As I remember, our search for the constellation Sculptor was not an easy task. Finding our first constellation, Camelopardalis, the Giraffe, high in the north is also a difficult task. The constellation harbors only stars fainter than magnitude 4. There’s no real object of interest to study with the naked eye. Those with binoculars can try open cluster CR 464. The cluster has 50 members and its size is 4 times the diameter of the moon, 120’. The total magnitude of the group is 4.2. If you know that, you can spot stars of magnitude 7.5 with the naked eye in a very dark area. You would think this cluster is visible to the naked eye, but be aware that the larger the area of the object, the dimmer it seems!
The easy-to-find constellation Perseus is a welcome change for finding star patterns in a new area of sky. The hero Perseus harbors some nice deep sky objects. If you start your search from Alpha Persei or Mirphak, you will see a group of bright stars located in the southeast. The magnitude is 2.3, the size 184’ and with 50 members the group gives you a fantastic view. And if this is not enough, draw an imaginary line from Alpha Mirphak to the constellation Cassiopeia. Halfway along you will discover a huge misty patch the size of the moon. In fact, this cloudy-looking smudge is a group of two open clusters close to each other. They number up to 350 stars, but only a few are visible to the naked eye in a dark sky. Of course, those with binoculars will enjoy an unforgettable sight.
For those who want to go further, there is the open cluster M34. You need binoculars to observe it, because the group of stars glows at magnitude 5.2 and at a size of 35’. You will see a triangle-shaped group in an incomplete ring of fainter suns. I count about a dozen stars.
The star Beta Persei or Algol is a special object. It’s an eclipsing binary star system. That means that, every two days and 20 hours 49’, the primary star is eclipsed by its dimmer companion. The system fades from magnitude 2.1 to 3.4. Not only is the eclipse frequent and widely visible; it lasts 10 hours. So there’s plenty of time to observe Algol while sitting in your chair.
Now you have your binoculars close to hand, we can hunt down three open clusters in the constellation Auriga, the Charioteer. You will find the constellation southeast of Perseus.
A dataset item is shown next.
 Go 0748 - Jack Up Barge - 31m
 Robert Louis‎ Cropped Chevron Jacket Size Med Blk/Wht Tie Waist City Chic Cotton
The M36, M37, and M38 are located in a rich area of stars, meaning that the view is beautiful. As the three clusters are close to each other, you can compare them and try to spot differences in brightness, size, members, and density. Features of the clusters: M36 mag. 6.0 size 12’ members 60; M37 mag. 5.6 size 23 mem. 150; M38 mag. 6.4 size 21 mem. 100.
Even with the naked eye the rich star area shows some bright asterisms in different shapes, misty patches scattered in the path of the Milky Way. Look for them by drawing an imaginary line from Alpha Capella to Beta Tauri Alnath. Perhaps you will see the brightest group, M37, as a faint glow.
Now that you know where Beta Tauri is, the Bull is
nearby. The eye of the bull is the brightest star in the constellation Taurus.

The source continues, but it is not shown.